In the days that followed Judith recovered physically. Already on the morning after the ‘accident’ she was up and about in their suite, eating her food with appetite, but there was no improvement mentally. She had lost that hard, determined reserve that had been so marked in Transylvania and in the first weeks in Venice. Then, though somewhat stiff with the others and always distrustful of Adrienne, she had been full of strength, will-power and resolution. Now she was like a sick child, weak and needing constant guidance. She laughed without reason, and when she spoke there was something peculiar about her speech, for her words came out unnaturally slowly and she talked in a slovenly and drooling manner, little drops of saliva falling from the corners of her mouth.
The day of the accident Adrienne wrote to her father to tell him what had occurred, describing everything as if it really had all just been an unfortunate accident which had ended well. However, a few days later she found herself obliged to write again, admitting that Judith’s state was giving them cause for alarm, and that the mental specialist they had consulted had ordered them to take her somewhere quiet, either to the country or to a sanatorium. Something had to be done at once, and so Adrienne wrote to ask what she should do.

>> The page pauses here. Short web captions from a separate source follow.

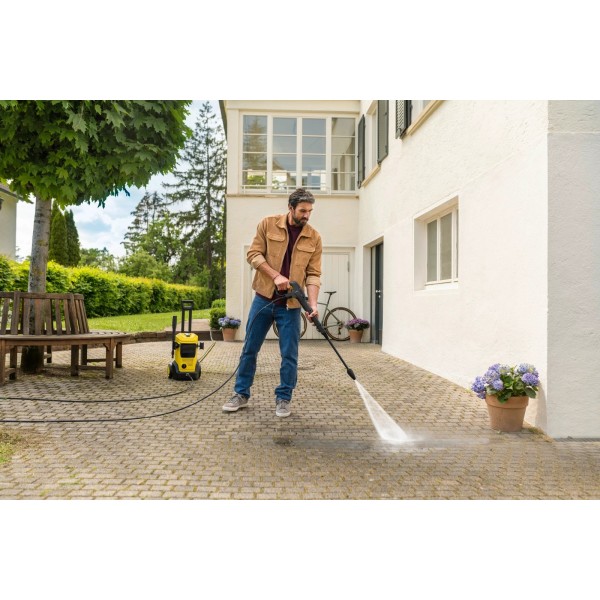 Мийка високого тиску Karcher K 6 1.679-630.0 600 л/год Алюмінієвий насос 10 м Мийка високого тиску Karcher K 6 1.679-630.0 600 л/год Алюмінієвий насос 10 м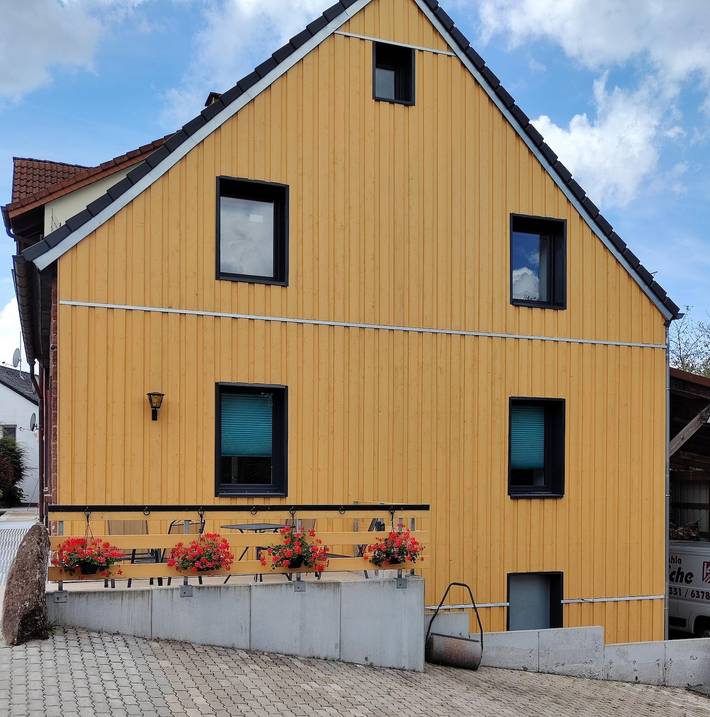 Location de vacances pour 5 personnes, avec jardin et terrasse, adapté aux familles à Pirmasens - 2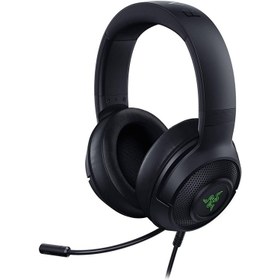 تصویر هدفون گیمینگ Razer Kraken X v3 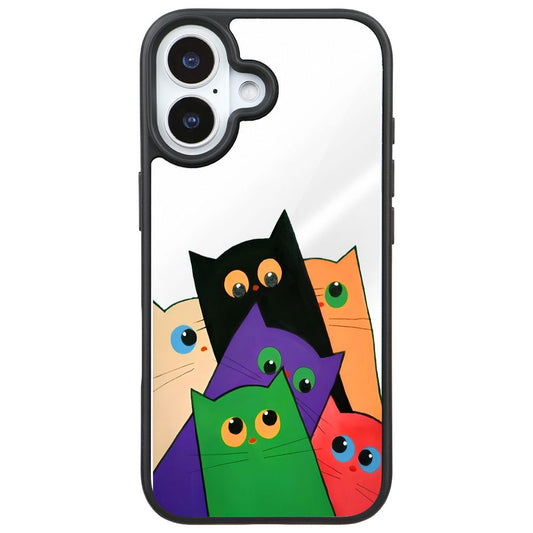 Ayna - Siyah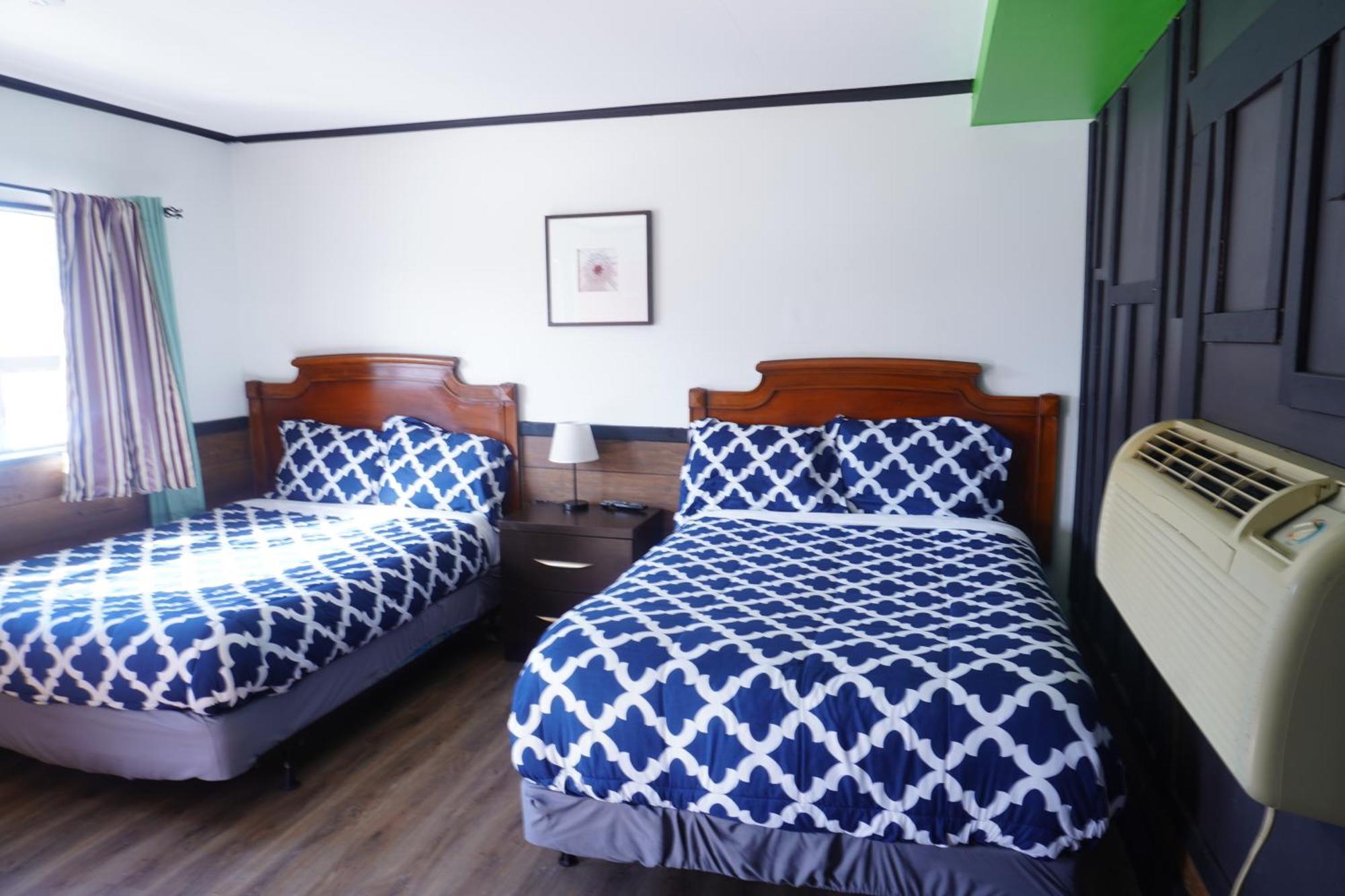 Crestwood Motel Burlington Kültér fotó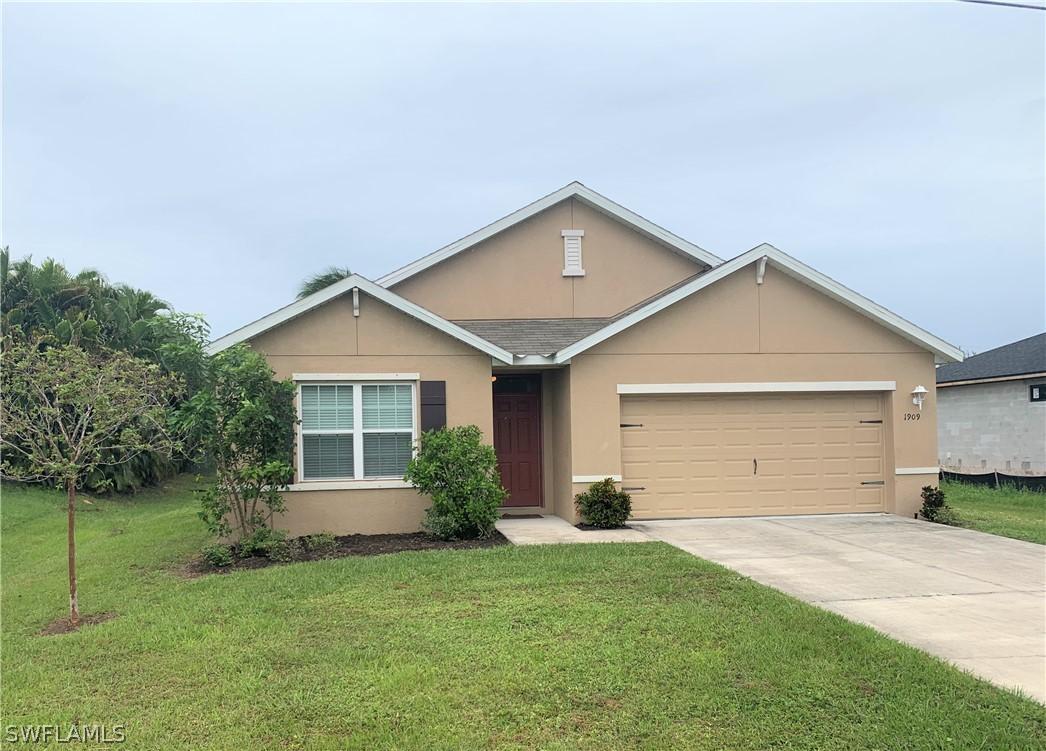 1909 SW 14th St., Cape Coral, FL 33991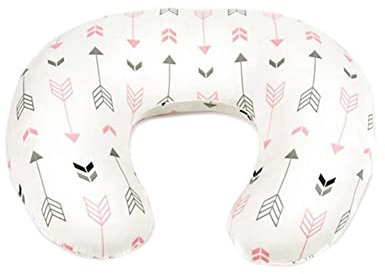 LICHENGTAI Baby Stillkissenbezug, Kissenbezug für Stillkissen, Lagerungskissen, Seitenschläferkissen, Nursing Breastfeeding Pillow Case Stillkissenbezug für Unterwegs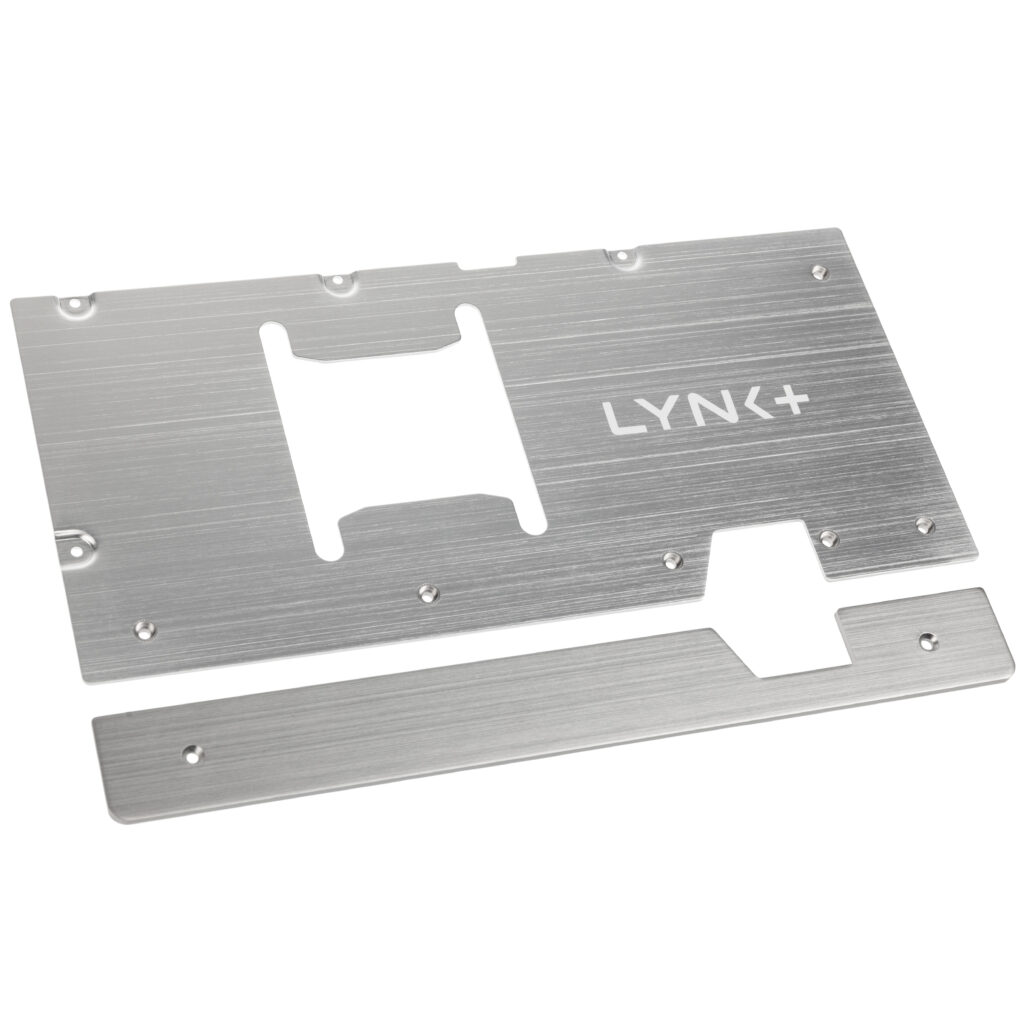 LYNK+ PLate Kit für die Montage des GPU-Kühler Moduls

As she wrote this second letter to her father Adrienne knew that this meant the end of her stay, the end of those enchanted weeks of unexpected bliss and happiness, the end of everything …
After a few days a letter came from her mother, but it contained nothing but complaints. Then old Rattle wrote to say that he was too busy to come himself and so had asked his son-in-law, Pali Uzdy, to send out the old butler, Maier, who used to be a male nurse and who could speak German. No doubt if Uzdy could spare him, his presence would be a great help to Adrienne.
One evening while they were waiting for an answer from home, Riccardo rowed Balint and Adrienne farther than they had ever been before, southwards towards the salt-swept fishing town of Chioggia. It was already dusk when they started, for Adrienne now felt she had to stay on much later at the Lido.
In silence they floated over the calm waters, leaning closely against each other and holding each other tight, both too overwhelmed by their approaching separation to speak.
For once the weather was cloudy, and when they went far out, so far out that they could hardly see any sign of the shore they told Riccardo to stop rowing and just let them glide as the current took them. They stayed like this for a long time. Here the lagoon was at its widest and loneliest. There were no other boats to be seen and, as dusk slowly fell, the faint lines of the distant shores disappeared until they could no longer distinguish the horizon from the darkening sky above. Now all was a uniform greyness, empty, cold and lifeless.